We only initialized comparer property here and left head as is because an empty linked list doesn’t have any head node at starting, thus the value is going to be nil on initial state. Now that we have a base structure, we can start adding methods to it. I’ll start by adding Pop and Peek methods because both are similar and much easier to implement than the Push method.

// Pop removes and returns value of the head node if exists
func (q *OrderedQueue[T]) Pop() (value T, ok bool) {
  // If head is nil, we don't have any value to pop, so we can return (nil, false)
  if q.head == nil {
    ok = false
    return
  }
  
  ok = true
  value = q.head.value
  
  // We replace head node with the sibling of it, thus removing head node itself
  q.head = q.head.next
  
  return
}

// Pop returns value of the head node if exists
func (q *OrderedQueue[T]) Peek() (value T, ok bool) {
  // If head is nil, we don't have any value to peek so we return (nil, false)
  if q.head == nil {
    ok = false
    return
  }
  
  // Otherwise we can return value from the head node and true indicating we have a value
  return q.head.value, true
}

As you can see both Pop and Peek has similar implementation with only exceptation being q.head = q.head.next part of the Pop method. With those two methods above we can consume our data structure all we want. But the data structure is totally useless without an actual data in it. Therefore, we need to implement a way to push a new value into our queue structure.

The `Push` method

We are going to be almost done with our core functionality with the Push method. Before implementing it though, let’s first start by writing down what that method is going to do.

First we need to consider initial/empty state where our head node will ne nil. In that case we only need to create a node with pushed value and assign it to the head and that’s it. Then we need to iterate the linked list until we reach out to a node with value greater than the value we are pushing. When we found out that node, we will insert a new node before it. If we reach to the end of the linked list without finding out a node with greater value, we will add the value as a sibling of the last node (aka: tail node).

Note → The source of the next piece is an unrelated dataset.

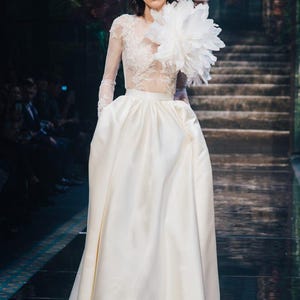 Ivory wedding dress, Satin wedding dress, Long sleeve wedding dress, Lace wedding dress, Princess wedding dress, Modern bridal gown
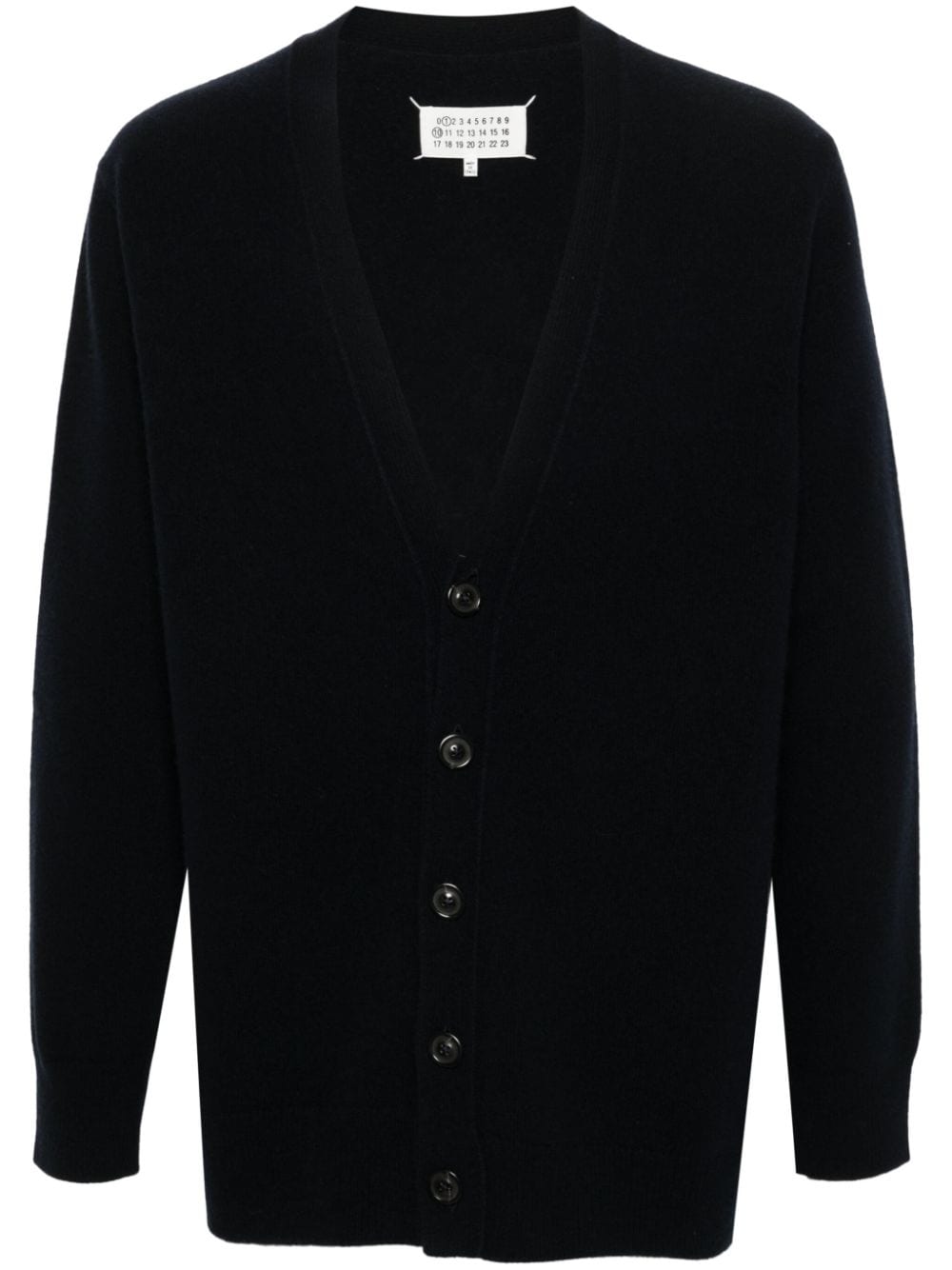 V-necked wool cardigan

A pseudo implementation of the above specification will look like this:

if head == nil {
  // todo: set head node to the value
  return
}

node := head

for {
  if comparer.Less(value, node.value) {
    // todo: insert value before node
    return
  }
  
  if node.next == nil {
    // todo: set tail to value
    return
  }
  
  node = node.next
}

There’s one minor issue here. To add a value in between two nodes we need to modify next pointer of the previous value, however we only have access to the next value which we are going to insert before which is not enough. However the fix is quite easy actually, since we are already iterating those nodes, we can hold pointer to the next property of the previous node during the iteration. Doing so will allow us to modify previous node’s sibling node. With that in mind, our final implementation becomes like so:

// Push adds a new value to the queue
func (q *OrderedQueue[T]) Push(value T) {
  // If head is nil, the first item will be the head node
  if q.head == nil {
    q.head = &Node[T]{value: value}
    return
  }

  prev := &q.head
  node := q.head

  for {
    if q.comparer.Less(value, node.value) {
      *prev = &Node[T]{value: value, next: node}
      return
    }

    prev = &node.next
    node = node.next

    if node == nil {
      // We reached to the end
      *prev = &Node[T]{value: value}
      return
    }
  }
}

Why instead of holding reference to the previous value, I held reference to the reference of a node that comes after the previous value? To be honest, that’s the first thing came in my mind when I was implementing it, so I just went away with it. However let’s try writing more readible version:

// Push adds a new value to the queue
func (q *OrderedQueue[T]) Push(value T) {
  // If head is nil, the first item will be the head node
  if q.head == nil {
    q.head = &Node[T]{value: value}
    return
  }

  node := q.head
  var prev *Node

  for {
    if q.comparer.Less(value, node.value) {
      nextNode := &Node[T]{value: value, next: node}
      
      // If we don't have any previous node in place, that means we are going to update
      // our head node. On the previous implementation we didn't needed that because we
      // already had set `prev` to `&head`
      if prev == nil {
        q.head = nextNode
      } else {
        prev.next = nextNode
      }
      return
    }

    prev = node
    node = node.next

    if node == nil {
      // We reached to the end
      prev.next = &Node[T]{value: value}
      return
    }
  }
}

So as you can see both implementations are pretty similar. I don’t think there should be any performance difference between the two.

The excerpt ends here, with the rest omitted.